Wilfrid Sheed, the critic, has always seemed more at home than Wilfrid Sheed, the novelist. Being at home in this case means doing what you do (or appearing to do so) with zest and ease, playfully. To use a sports image Sheed is fond of, he is like a basketball player who can change his move in the middle of a layup, just for the grace and dazzle of it; he has moves in his moves. Sheed does criticism so well, and maybe so easily, that he shrugs it off. It’s nothing, he says, but a couple of insights and a few simple waltz steps. Well, it’s more than that when Sheed does it. When he gets down to business, the knife flashes, sometimes the surgeon’s scalpel dissecting the tissue of the author’s good intentions and occasional successes. But let an author come on pretentious or meretricious, and God help him. The saber flashes now, slash, cut, zing and there goes the jugular.

In his fiction he’s always been competent, prolific, improving all the way, at times brilliant but also a good deal of the time rather more dutiful than dazzling. He did all those things a novelist is supposed to do and did them well enough. The reader registered accordingly: yes, good, O.K., right, so…? To get back to sports, you’d have had to rank Sheed the novelist as a classy middleweight who’s a pro all right with a good right hand, but maybe there’s something wrong with his left. In his early novels particularly, instead of using the simple declarative sentence as a clean left jab, he’d use three or four phrases, dab—that didn’t quite get it, try again—dab—a little better, once more —dab….
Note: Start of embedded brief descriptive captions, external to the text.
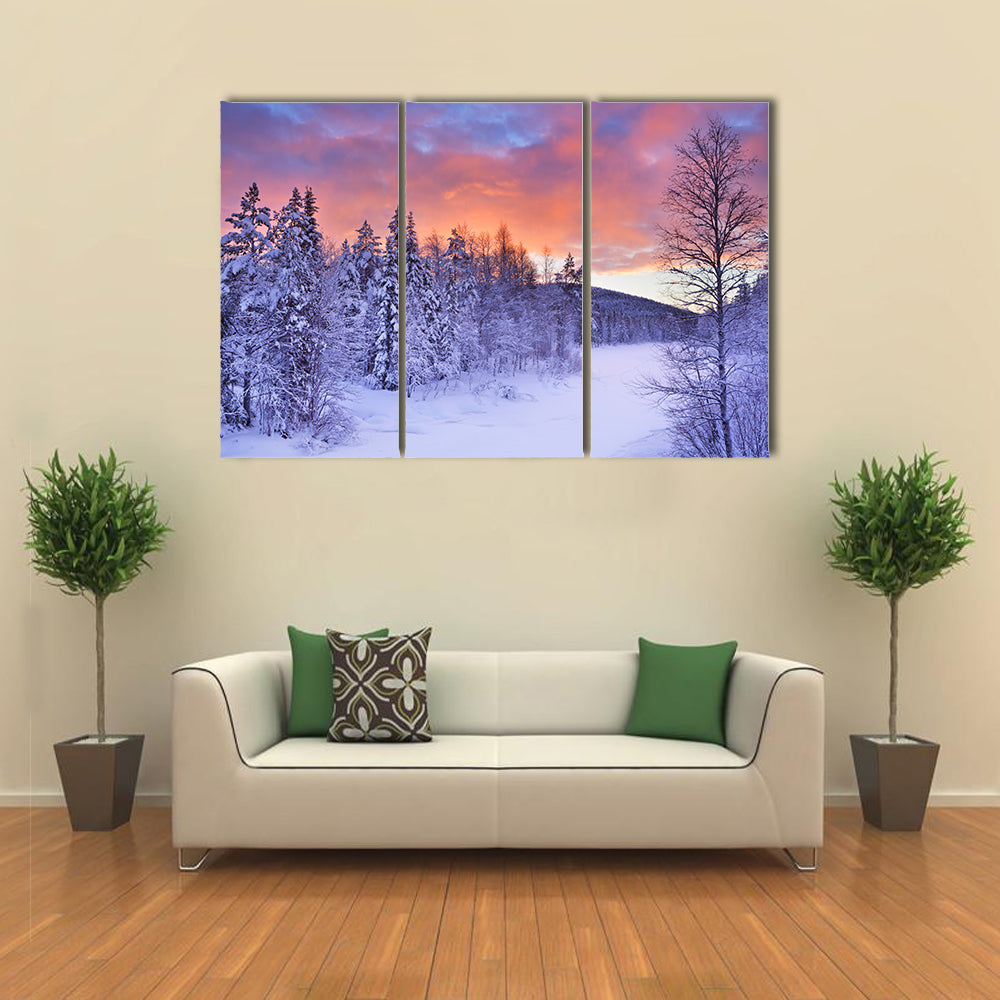 A frozen river in a wintry landscape multi panel canvas wall art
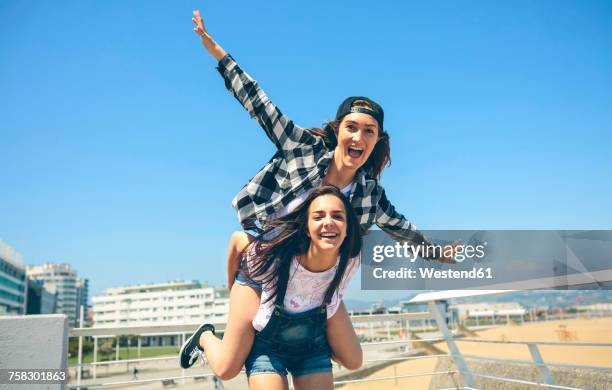 young woman giving her friend a piggyback ride on roof terrace - cavalitas imagens e fotografias de stock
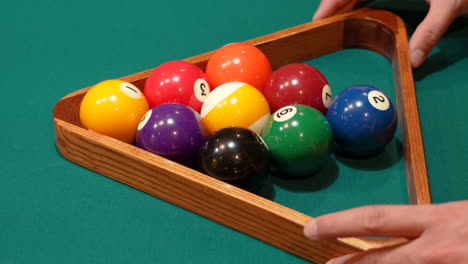 Man-Rolls-9-Ball-Pool-Diamond-Rack-into-Frame-on-the-Spot-Closeup-on-a-Table-with-Green-Felt-or-Cloth-and-Tightens-Rack-with-Hands-before-Lifting-Wooden-Triangle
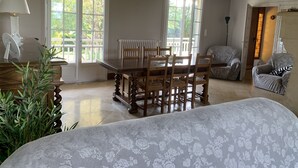 A dining area with a wooden table and chairs, large windows, a radiator, and a sofa.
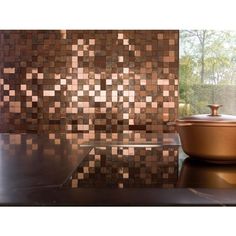 a bowl sitting on top of a counter next to a wall covered in brown tiles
Sheed does criticism so well, and maybe so easily, that he shrugs it off. It’s nothing, he says, but a couple of insights and a few simple waltz steps. Well, it’s more than that when Sheed does it.

This time around though, he may have hit on a way of getting at the novel without giving up his big game as critic, the happy slash-and-cut free style. At any rate, People Will Always Be Kind is his best by far, an arresting, complex, enigmatic novel which comes at the main character from two startlingly different directions, leaving the reader impressed and perhaps at the end a little baffled, which is not a bad way to put down a novel. Sheed has, for sure, tried something quite daring. The reader, noting the risks, salutes the author’s audacity, then wonders whether he’s gotten away with it.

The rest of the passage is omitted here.